I initially had some problems because although I’d set the code up for a 4Mhz internal clock and simulated with that I hadn’t changed the fuse bits on the processor so it was still running with the default 8Mhz internal oscillator with a divide by 8 to give a 1Mhz clock. The first hint that something was wrong with the timing was that I could see the test LED on one of the servo channels flashing rather than being solidly on; the frequency of the refresh of the pulse should be 50hz and that should look like the LED stays on rather than the flashing that I was getting at the 13hz or so that I was actually getting as a refresh. Once I calculated and set the new fuse bits (using this online calculator) the LED stabilised and plugging a servo in gave the expected results.

Since the servo controller uses the ‘standard’ three byte serial “SSC” protocol of 0xFF <servo> <position>, my existing control software works fine with it.

Right now the pulse frequency seems to be slightly off, which makes the servo vibrate in position a little. I’m not sure if this is down to my timing (which I expect it is) or if it’s because I really should be using a more stable external clock.

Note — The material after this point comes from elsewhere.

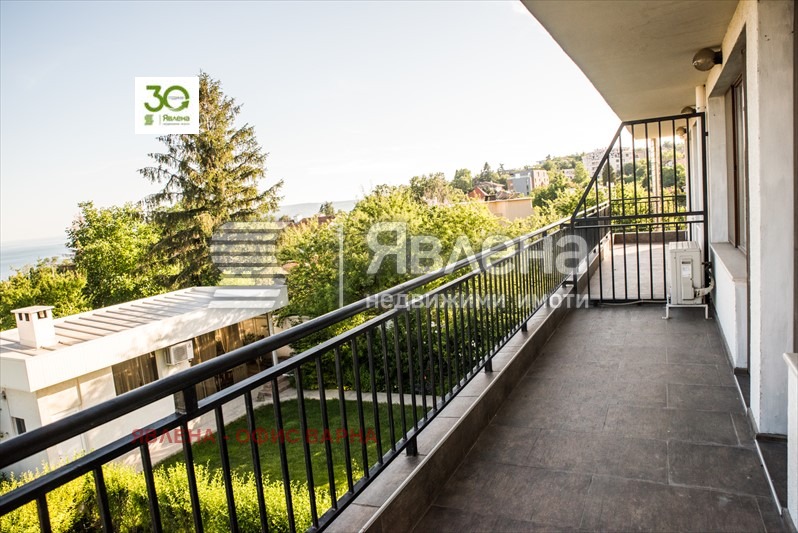 Til leje  Hus Varna , m-t Dolna Traka , 568 kvm | 87793758 - billede [2]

Once I’ve tested this a little more and have something that’s a little more stable I’ll upload the source. What I have now is a good base for the larger capacity controller that I’ll need. One of the next steps will be to reduce the number of I/O pins needed whilst increasing the number of channels supported by adding in the control of the address lines of some 74xxx138 multiplexors which can be wired into the I/O pins that I’m using for the actual PWM output. Another thing on the list is to enhance the serial protocol, and then the controller itself, to support the various ideas I have:

  • Smooth blending between ‘key frame’ servo positions with the ability to stop the servo at any time before it reaches its final position.
  • Storing of multiple ‘key frames’ per servo so that the leg controller/gait sequencer can hand off a sequence of moves to the servo controller to blend.
  • Grouping of servos, so that we can have the blending apply across servos in the group (all 3 servos that make up a leg can arrive at their final ‘key frames’ at the same time).
  • etc…

Though the current servo controller design is very simplistic it seems to be a good base for these other requirements and, well, at least I now have AVR assembly code that I can build, simulate, program a device with and that actually seems to do what I expect it to do; that’s a major step forward.